Sound familiar? Of course it did, that's why people watched. We were fascinated by the couple's ability to not only control an emerging nation of toddlers while mirroring many of our own feelings, but also their decision to break the cardinal rule of marriage: Don't Criticize Your Spouse In Public.

It worked for about a season, when Kate still looked blotchy and exhausted, when her eyebrows were still natural and her belly pooched a bit over her pants and Jon had that scraggly beard and seemed to think that the show was just another one of his wife's crazy plans, like having all these darn babies.

Then Kate got a cuter haircut, got the brows waxed, and tightened her abs, Jon's beard came off and they were celebrities, their talent being their ability to survive their own lives, which had become increasingly complicated by the fact that their lives were now a television show.

At this point, "Jon and Kate" was set to self-destruct; it was essentially a race against time.

Now that the marriage has imploded, the question becomes how real do we honestly like our reality TV? Will our interest in the Gosselins founder now that they have become more ordinary? Cheating husbands are a dime a dozen at the checkout stand, and he's not even that cute.

The ratings for Suleman's show should offer a good indication.

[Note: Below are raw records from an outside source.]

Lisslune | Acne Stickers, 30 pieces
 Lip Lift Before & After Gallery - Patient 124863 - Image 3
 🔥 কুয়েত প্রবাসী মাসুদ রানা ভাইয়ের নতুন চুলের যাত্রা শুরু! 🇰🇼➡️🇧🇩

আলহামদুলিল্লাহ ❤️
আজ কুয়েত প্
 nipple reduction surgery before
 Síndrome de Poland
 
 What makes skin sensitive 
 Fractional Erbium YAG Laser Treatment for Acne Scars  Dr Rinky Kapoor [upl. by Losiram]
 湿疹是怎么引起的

There is nothing to be learned from the Suleman story, no connection to be made with average parents. She is, mercifully, an anomaly, tempted, perhaps, by the attention society increasingly pays to large number of multiples, but certainly responsible for her own actions, an easy person to judge from afar, to pity or vilify as the mood strikes us. But surely this special is a mistake.

It is all too easy for us to imagine the tensions and anxiety her situation creates, to do the math and realize that Suleman and her children have no chance of surviving except through the kindness of strangers. But that aid rarely comes without lethally honed strings of television attached; just ask the Gosselins.